Adesso, nonostante la divagazione climatica, quello che volevo proprio dire è che, strano ma vero, ho trovato un’altra categoria da detestare. Chi l’avrebbe mai detto, io che son così sempre cristianamente ben disposta verso il prossimo?
Partendo dal presupposto che le mamme online in genere non sono, come si dice a Londra, my cup of tea, pur essendo una di loro.
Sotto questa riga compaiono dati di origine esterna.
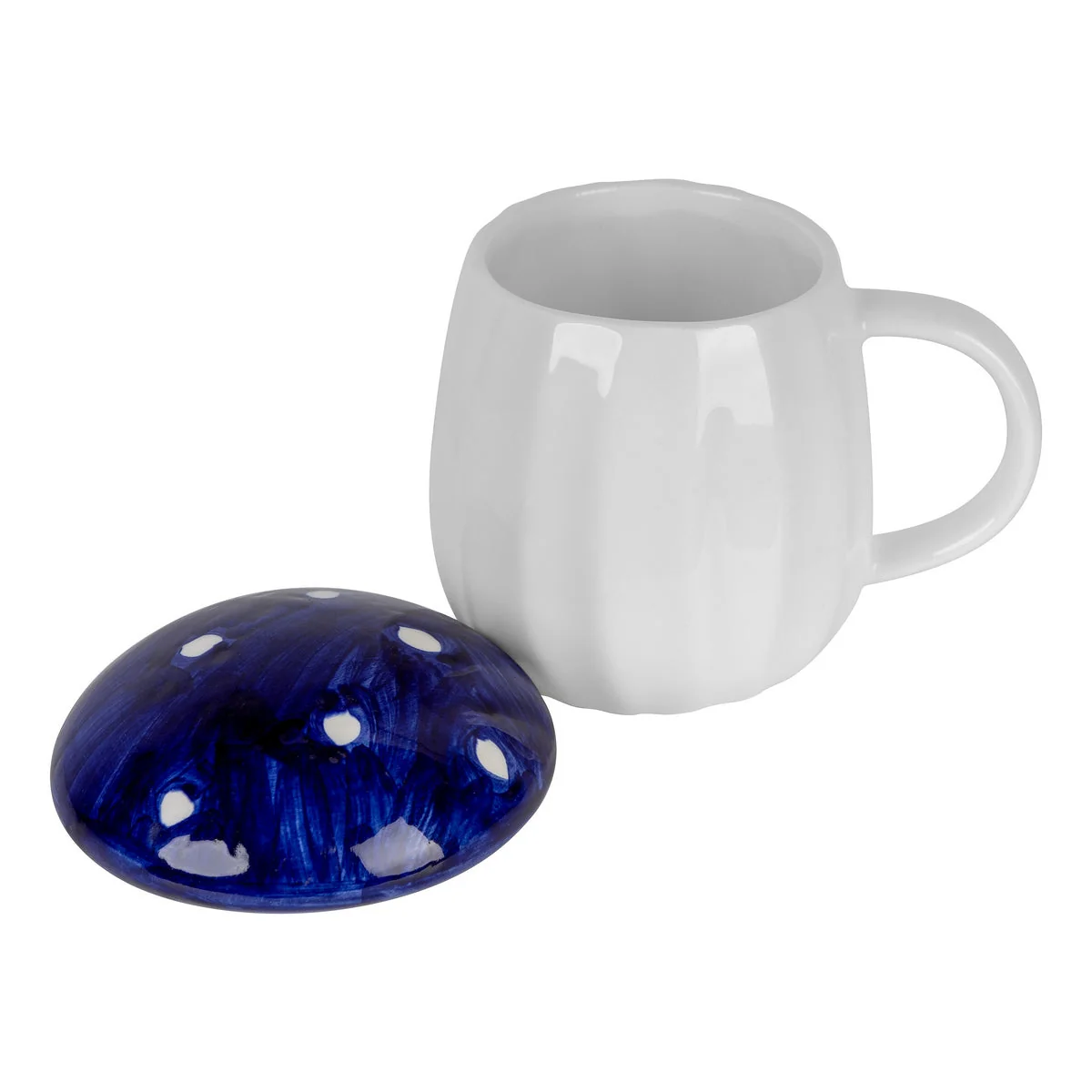 Tasse Champignon - Bleu - Image 2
E avendo aperto questo blog con segrete velleità di bestseller, presto smorzate dal realizzare quante marchette si debbano fare per vendere qualsiasi cosa, unitamente al fatto di quanto suonassi più sagace e brillante nella mia testa che nero su bianco, leggo comunque le altre. E, per la maggior parte, le odio. Ma ovviamente le leggo. È più forte di me, come girare la testa in autostrada quando si passa accanto ad un incidente: non vorresti vedere, ma guardi.
Sono le mamme all’estero. Le #expat.
Quelle che si credono più fighe delle mamma #inpat perché allevano un figlio (due tre quattro) all’estero.
Allora, partendo dal presupposto che io sono una di loro, vi assicuro che non c’è niente da sentirsi fighe.
Privilegiate, forse. Fortunate, sicuramente. Ma le fighe son quelle che si barcamenano tra tre figli, un lavoro part time in nero, un marito in cassa integrazione e i figli in quello sfascio di scuola italiana “GrazieGelminiGrazie” dove ad inizio anno bisogna portare i colori e la carta igienica perché non ci sono i soldi per comprarli. Le mamme all’estero anno spesso fanno solo le mamme, punto primo. Che può essere faticoso finché vuoi, in un ambiente sconosciuto, ma anche stimolante e divertente ve lo assicuro. Inoltre gli stipendi all’estero, per la maggior parte, sono stratosferici, almeno comprati a quelli italiani, e questo fa, ve lo dico io. Quindi magari tuo marito sarà poco a casa perché in giro per l’indocina, ma sticazzi il conto in banca ti ripaga ampiamente per la perdita.
E queste si lamentano. Del cibo, in primis. Ma io mi domando e dico, se volevi crescere il pupo a lasagne e caponata, che cazzo ti sei trasferita a Philadelphia?!? Il cibo delle scuole americane non è il massimo, lo ammetto. Il Sauro viene tirato su a panini di burro di arachidi di soya e pizza rolls, a scuola. Ma non morirà certo per questo. E io non mi sogno neanche di rinfilargli il pranzo al sacco con la parmigiana di melanzane bio, storcendo il naso verso tutto quello che è diverso. Loro fanno apparire tutto difficile dove io so benissimo non lo è. E a me non fregano, che io sono una insider!
I bambini non patiscono gli addii degli amici in patria, se ne fregano che le maestre parlino un’altra lingua e di sicuro non gli manca la mozzarella di bufala. I bambini non hanno le diecimila sovrastrutture mentali che abbiamo noi e se la godono a Torino come a Detroit. Sono le madri che fanno apparire tutto grande. Forse perché gli manca l’appagamento della busta paga, appunto.
La vita da #expat è una pacchia senza se nè ma, ve lo dico io.